Dataset extract
★ ★ ★ ★ ★ ★ ★
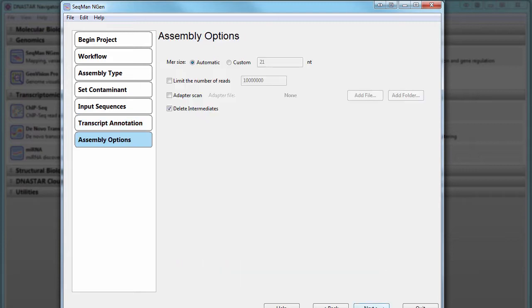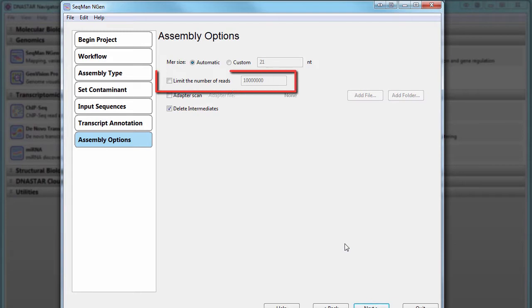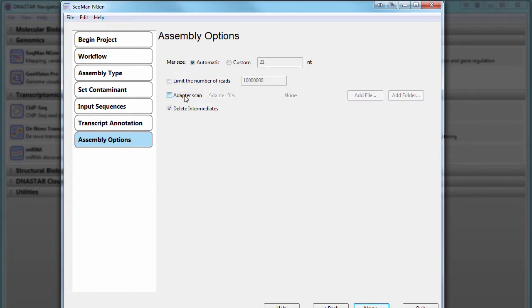Now review the assembly options. If you have limited RAM, you may want to limit the number of reads in the assembly. Here, you can also scan for adapter sequences by checking this option, and then load in your adapter file.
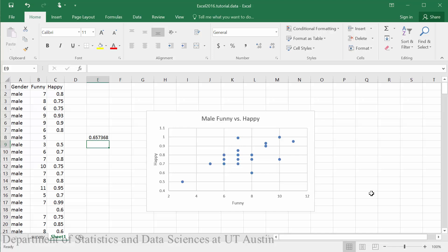In this tutorial you will learn how to create a linear and an exponential model using a scatter plot in Excel 2016.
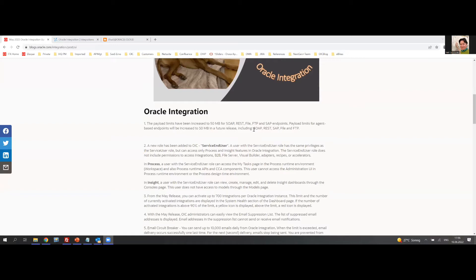A new feature: a new role called the service end-user. We have two types of service end-users in OIC. Think of somebody who needs to go in and approve human tasks, like approving an order in a process. This service user role will just allow them to do that. They won't be able to access integrations, B2B file server, Visual Builder, or any other components — they'll purely be able to do what they need to do.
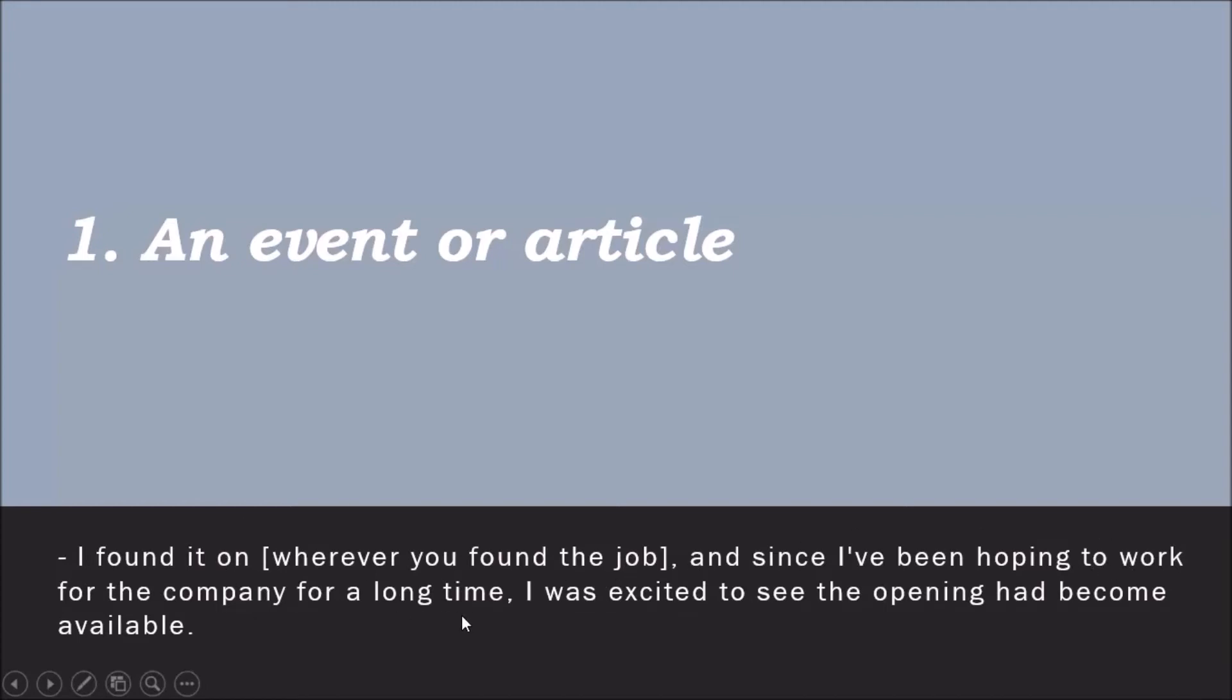Here: 'Since I have been hoping to work for the company for a long time, I was excited to see the opening had become available.' So, 'I found it on a job seeking website, and since I have been hoping to work for the company for a long time, I was excited to see the opening had become available.'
★ ★ ★ ★ ★ ★ ★
What you will do
Copy nothing but the lines from the top of the material through the line holding "In this tutorial", exactly as written; omit pictures.

Response for this exercise
Now review the assembly options. If you have limited RAM, you may want to limit the number of reads in the assembly. Here, you can also scan for adapter sequences by checking this option, and then load in your adapter file.
In this tutorial you will learn how to create a linear and an exponential model using a scatter plot in Excel 2016.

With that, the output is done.